ACÓRDÃO Vistos, relatados e discutidos estes autos em Sessão do Plenário Virtual da 1ª Câmara Especializada Criminal de 06/02/2026 a 13/06/2026, acordam os componentes do(a) 1ª Câmara Especializada Criminal do Tribunal de Justiça do Estado do Piauí, por unanimidade, conhecer e dar parcial provimento ao recurso, nos termos do voto do(a) Relator(a).
RELATÓRIO
Trata-se de Apelação Criminal interposta por CARLOS ANTONIO CABRAL GOMES (id. 27679766) contra a sentença proferida pelo MM. Juiz de Direito da Vara Única da Comarca de União (id. 23841545) que o condenou à pena de 1 (um) ano e 6 (seis) meses de detenção, em regime aberto, e ao pagamento de 96 (noventa e seis) dias-multa, pela prática do crime tipificado no art. 12 da Lei nº 10.826/03 (posse irregular de arma de fogo de uso permitido), diante narrativa fática extraída da denúncia (id. 23841515). Recebida a denúncia (em 16.6.2022- id. 23841516) e instruído o feito, sobreveio a sentença. A defesa pleiteia, em sede de razões recursais (id. 27679766), (i) o redimensionamento da pena-base e (ii) a exclusão da sanção pecuniária. O Ministério Público Estadual pugna, em sede de contrarrazões (id. 28415372), pelo conhecimento e improvimento do recurso, manifestando-se de igual modo o Ministério Público Superior (id. 29412087). Revisão dispensada, nos termos dos arts. 355 do RITJPI e 610 do CPP, por se tratar de crime punido com pena de detenção. Sendo o que interessa relatar, inclua-se o feito em PAUTA VIRTUAL.
VOTO
Presentes os pressupostos gerais de admissibilidade recursal objetivos e subjetivos, CONHEÇO do recurso interposto. Como não foi suscitada preliminar, passo à análise do mérito recursal.
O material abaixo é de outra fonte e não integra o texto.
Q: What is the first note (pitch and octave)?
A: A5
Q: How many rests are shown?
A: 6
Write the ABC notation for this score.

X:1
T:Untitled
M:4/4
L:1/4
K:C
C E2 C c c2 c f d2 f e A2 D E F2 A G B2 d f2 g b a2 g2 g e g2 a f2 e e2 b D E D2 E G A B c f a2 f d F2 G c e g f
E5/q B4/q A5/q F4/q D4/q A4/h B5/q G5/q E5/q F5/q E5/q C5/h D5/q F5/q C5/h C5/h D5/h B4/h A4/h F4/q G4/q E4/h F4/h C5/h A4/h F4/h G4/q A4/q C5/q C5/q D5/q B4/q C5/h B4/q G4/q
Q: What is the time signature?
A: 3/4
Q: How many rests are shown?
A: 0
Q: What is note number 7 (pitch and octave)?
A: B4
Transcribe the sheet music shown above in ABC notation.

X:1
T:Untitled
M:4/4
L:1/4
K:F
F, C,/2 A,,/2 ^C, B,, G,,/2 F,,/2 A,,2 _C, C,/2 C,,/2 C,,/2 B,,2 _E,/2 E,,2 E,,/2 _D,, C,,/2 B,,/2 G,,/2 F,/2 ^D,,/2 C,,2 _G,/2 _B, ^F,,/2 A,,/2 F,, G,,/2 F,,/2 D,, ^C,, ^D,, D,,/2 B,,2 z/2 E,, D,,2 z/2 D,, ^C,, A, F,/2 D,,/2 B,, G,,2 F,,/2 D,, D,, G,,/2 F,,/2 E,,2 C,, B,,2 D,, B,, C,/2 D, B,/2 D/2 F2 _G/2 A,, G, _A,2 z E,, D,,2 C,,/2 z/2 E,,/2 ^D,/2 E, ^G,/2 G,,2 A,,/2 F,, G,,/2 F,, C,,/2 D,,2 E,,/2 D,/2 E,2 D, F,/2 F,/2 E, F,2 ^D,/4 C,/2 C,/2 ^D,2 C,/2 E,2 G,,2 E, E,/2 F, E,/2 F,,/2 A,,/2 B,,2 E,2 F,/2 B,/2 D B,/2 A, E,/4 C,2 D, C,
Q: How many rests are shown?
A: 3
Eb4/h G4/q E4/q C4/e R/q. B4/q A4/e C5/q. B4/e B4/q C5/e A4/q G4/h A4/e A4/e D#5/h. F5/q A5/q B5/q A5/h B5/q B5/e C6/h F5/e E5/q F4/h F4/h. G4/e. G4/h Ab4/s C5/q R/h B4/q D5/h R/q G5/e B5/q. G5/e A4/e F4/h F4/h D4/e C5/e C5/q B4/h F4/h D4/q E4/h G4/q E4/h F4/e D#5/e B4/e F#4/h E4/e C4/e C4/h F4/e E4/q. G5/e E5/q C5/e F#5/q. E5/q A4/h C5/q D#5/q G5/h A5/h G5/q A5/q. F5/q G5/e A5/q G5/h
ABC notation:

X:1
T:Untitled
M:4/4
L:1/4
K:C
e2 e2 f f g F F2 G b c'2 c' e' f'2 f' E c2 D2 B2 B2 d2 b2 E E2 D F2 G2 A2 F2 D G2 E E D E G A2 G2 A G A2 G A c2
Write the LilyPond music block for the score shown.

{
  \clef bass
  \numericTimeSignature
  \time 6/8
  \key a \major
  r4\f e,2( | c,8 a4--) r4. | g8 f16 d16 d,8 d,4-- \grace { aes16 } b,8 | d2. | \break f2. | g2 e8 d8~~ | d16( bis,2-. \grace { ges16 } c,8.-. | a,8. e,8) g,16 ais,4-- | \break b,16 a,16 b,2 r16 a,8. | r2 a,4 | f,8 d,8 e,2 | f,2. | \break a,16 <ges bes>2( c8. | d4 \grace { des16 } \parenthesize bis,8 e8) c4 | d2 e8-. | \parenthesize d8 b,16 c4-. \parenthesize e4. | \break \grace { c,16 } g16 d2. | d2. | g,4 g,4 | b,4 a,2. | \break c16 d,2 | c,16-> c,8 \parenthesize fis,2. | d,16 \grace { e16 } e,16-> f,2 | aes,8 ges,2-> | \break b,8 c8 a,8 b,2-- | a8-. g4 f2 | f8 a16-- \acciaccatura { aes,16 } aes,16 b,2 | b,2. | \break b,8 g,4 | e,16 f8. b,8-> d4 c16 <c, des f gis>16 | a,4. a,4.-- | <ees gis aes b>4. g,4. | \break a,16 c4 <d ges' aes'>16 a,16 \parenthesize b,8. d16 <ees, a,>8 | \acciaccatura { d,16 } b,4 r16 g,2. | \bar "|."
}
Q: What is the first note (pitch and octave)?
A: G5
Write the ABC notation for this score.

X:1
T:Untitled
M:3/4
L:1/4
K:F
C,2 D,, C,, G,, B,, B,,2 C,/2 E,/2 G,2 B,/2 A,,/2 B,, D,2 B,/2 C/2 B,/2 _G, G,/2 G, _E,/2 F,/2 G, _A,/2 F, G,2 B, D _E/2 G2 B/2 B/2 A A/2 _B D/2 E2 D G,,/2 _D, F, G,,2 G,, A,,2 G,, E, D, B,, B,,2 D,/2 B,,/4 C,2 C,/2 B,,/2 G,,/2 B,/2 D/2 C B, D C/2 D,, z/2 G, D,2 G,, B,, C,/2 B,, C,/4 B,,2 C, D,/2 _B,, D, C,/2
Pugna a defesa pelo redimensionamento da pena-base ao mínimo legal, sob o argumento, em síntese, de que o magistrado a quo não apresentou fundamentação idônea ao valorar as circunstâncias judiciais. Inicialmente, cumpre trazer à baila o teor do art. 59, caput, do Código Penal: Art. 59. O juiz, atendendo à culpabilidade, aos antecedentes, à conduta social, à personalidade do agente, aos motivos, às circunstâncias e consequências do crime, bem como ao comportamento da vítima, estabelecerá, conforme seja necessário e suficiente para reprovação e prevenção do crime: [grifo nosso]
Merece destaque, também, trecho da sentença que trata das circunstâncias judiciais e fixa a pena-base (id. 23841545):
(…) Observo que as circunstâncias do delito devem ser consideradas negativas em desfavor do réu, uma vez que, conforme informação dos próprios autos, o fato em tela surgiu após denúncia que originou outra demanda criminal, noticiando a possível utilização da arma de fogo apreendida nestes autos para ameaçar e extorquir outras pessoas. Quanto à personalidade do réu, entendo que deve ser valorada negativamente, pois claramente voltada para a prática delitiva, vez que, além do presente processo, o réu ostenta outra distribuição criminal, a saber, 0801188-17.2022.8.18.0076, a qual se encontra em fase de instrução. Assim, sendo duas as circunstâncias negativas e, partindo da pena mínima de 01 (um) ano de detenção e 10 (dez) dias-multa, devemos acrescer 06 (seis) meses de detenção e 86 (oitenta e seis) dias-multa, chegando a uma pena-base de 01 (um) ano e 06 (seis) meses de detenção e 96 (noventa e seis) dias-multa (...)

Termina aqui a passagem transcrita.